[SUPPLIED DATA]

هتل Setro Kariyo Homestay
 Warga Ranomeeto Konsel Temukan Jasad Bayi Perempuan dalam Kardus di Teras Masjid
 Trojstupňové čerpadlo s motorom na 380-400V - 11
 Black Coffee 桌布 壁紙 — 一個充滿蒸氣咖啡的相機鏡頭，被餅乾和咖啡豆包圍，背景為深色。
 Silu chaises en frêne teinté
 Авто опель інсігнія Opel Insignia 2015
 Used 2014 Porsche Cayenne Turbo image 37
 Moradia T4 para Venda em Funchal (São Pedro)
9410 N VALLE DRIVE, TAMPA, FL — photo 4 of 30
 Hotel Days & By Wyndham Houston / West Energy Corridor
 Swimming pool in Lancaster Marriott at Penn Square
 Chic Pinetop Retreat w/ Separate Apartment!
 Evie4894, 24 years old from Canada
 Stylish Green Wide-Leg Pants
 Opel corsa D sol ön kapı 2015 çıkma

[/SUPPLIED DATA]

PROBLEM TO WORK ON
What you give back should be the lines from the one with "Trojstupňové čerpadlo s" to the end of the data, copied exactly, both ends included.

YOUR RESPONSE
 Trojstupňové čerpadlo s motorom na 380-400V - 11
 Black Coffee 桌布 壁紙 — 一個充滿蒸氣咖啡的相機鏡頭，被餅乾和咖啡豆包圍，背景為深色。
 Silu chaises en frêne teinté
 Авто опель інсігнія Opel Insignia 2015
 Used 2014 Porsche Cayenne Turbo image 37
 Moradia T4 para Venda em Funchal (São Pedro)
9410 N VALLE DRIVE, TAMPA, FL — photo 4 of 30
 Hotel Days & By Wyndham Houston / West Energy Corridor
 Swimming pool in Lancaster Marriott at Penn Square
 Chic Pinetop Retreat w/ Separate Apartment!
 Evie4894, 24 years old from Canada
 Stylish Green Wide-Leg Pants
 Opel corsa D sol ön kapı 2015 çıkma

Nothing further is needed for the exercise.